Menu Bar

 

The Moon of the Caribbees  

THE MOON OF THE CARIBBEES AND SIX OTHER PLAYS OF THE SEA

New York: Boni and Liveright, 1919 (April 23)
First edition, binding A

 

    NOTES:  Pencil drawing by O'Neill of set for IN THE ZONE on cast of characters page. David Belasco's copy, with Bolasco's bookplate and annotations by Belasco on first pages of IN THE ZONE. Signed presentation copy to Robert Sisk.
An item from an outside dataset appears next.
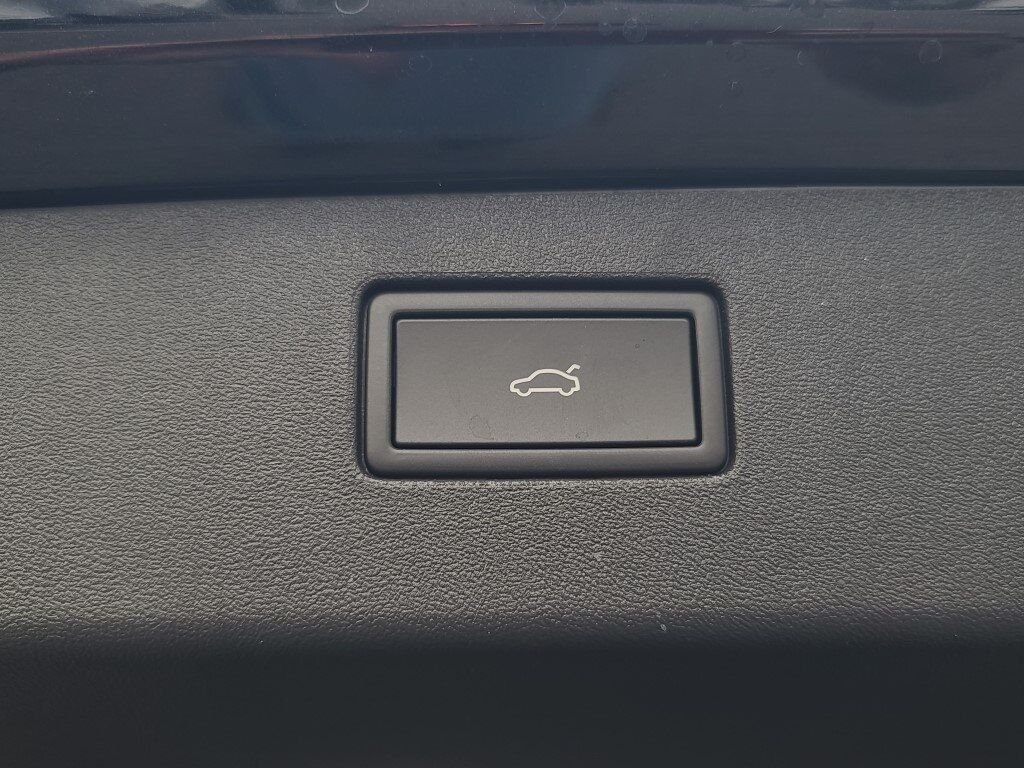 2025 Volkswagen Tiguan 2.0T SE R-Line Black Springfield VA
                 O'Neill's Drawing

Atkinson # A8-I-1.a     Sanborn and Clark # 14

INSCRIPTION:  (On front free endpaper)

For Bob Sisk / All friendship! / Eugene O'Neill


David Belasco's attraction to IN THE ZONE might at first appear paradoxical. Belasco, the dean of the old-time Broadway managers, resented the attention being paid to experimental groups like the Provincetown Players. On January 7, 1917, the New York HERALD ran the headline, "David Belasco sees a menace to true art of the stage in toy playhouses and little repertory theatres." He stated that the "so-called new art of the theatre (was) but a flash in the pan of inexperience," and that it was "the wail of the incompetent and the degenerate." However, Belasco's interest in O'Neill's one-act play is not as strange as it might seem.
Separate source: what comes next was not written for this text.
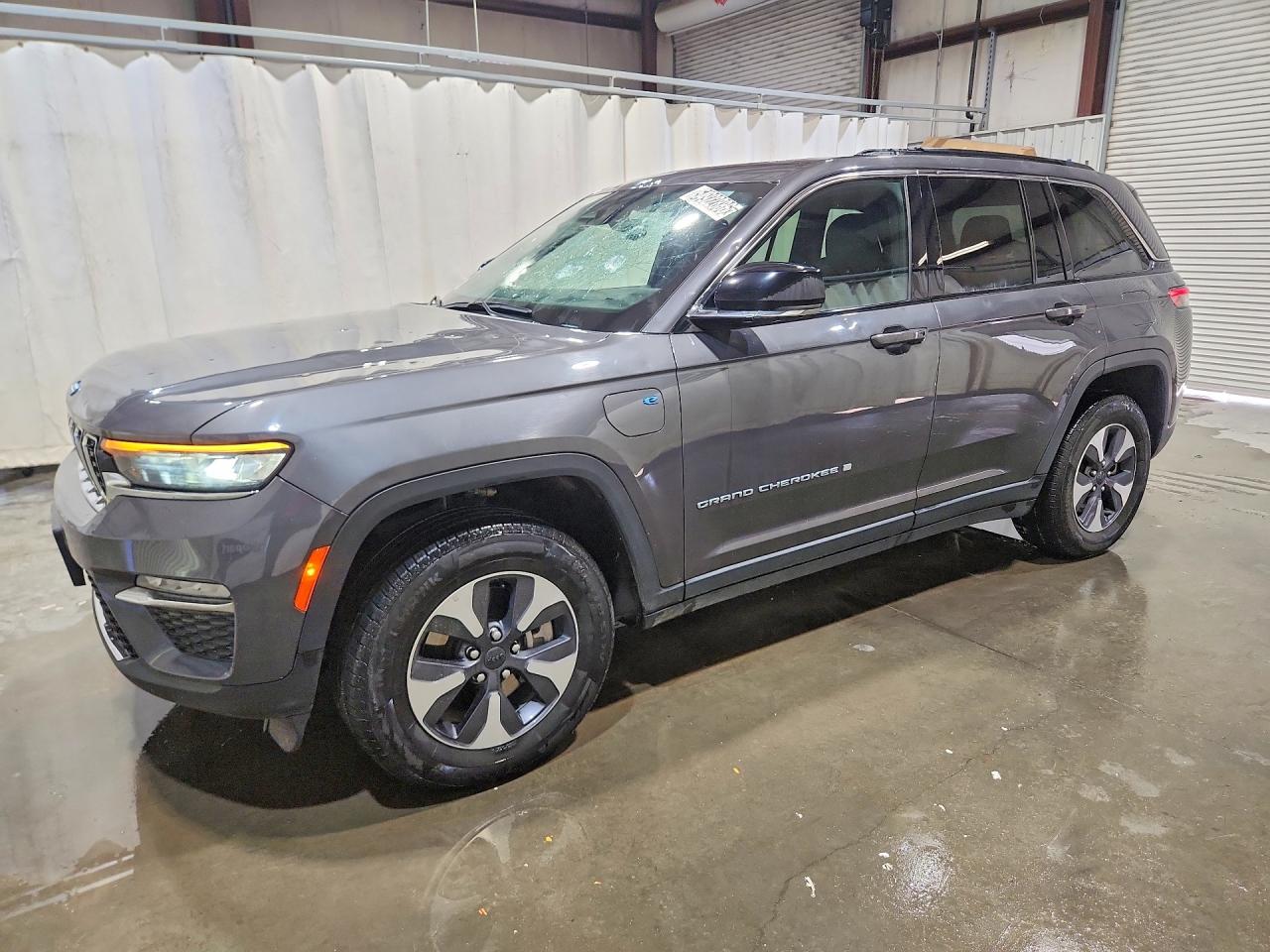 Salvage Jeep Cherokee Image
IN THE ZONE was first presented by the Washington Square Players on October 31, 1917. The play received good reviews, and O'Neill was approached with an offer to book the play on the Orpheum Circuit. Although he initially felt the vaudeville proposition was degrading, he finally accepted, deciding the money was too good to turn down. O'Neill received a $200 advance, and $70 a week in royalties, which he split with the Washington Square Players. IN THE ZONE was an immediate success and toured for thirty-four weeks. It was the first "big" money that O'Neill had made. While his play had started out as "new art" in a "toy playhouse," it ended up on an "old-time" tour making "old-time" money -- an item that would not have escaped David Belasco. In fact, IN THE ZONE toured the Orpheum Circuit at the same time that a Belasco production was touring the country. The play was THE WANDERER, and it starred an aging actor in his last role -- James O'Neill, Sr. -- O'Neill's father.

O'Neill may have made the pencil drawing in Belasco's copy of MOON OF THE CARIBBEES when he spent an afternoon with the manager early in the summer of 1925. (O'Neill was hoping to talk Belasco into producing MARCO MILLIONS.) Robert Sisk obtained the volume at a later date, with the O'Neill inscription to Sisk penned in the 1930's.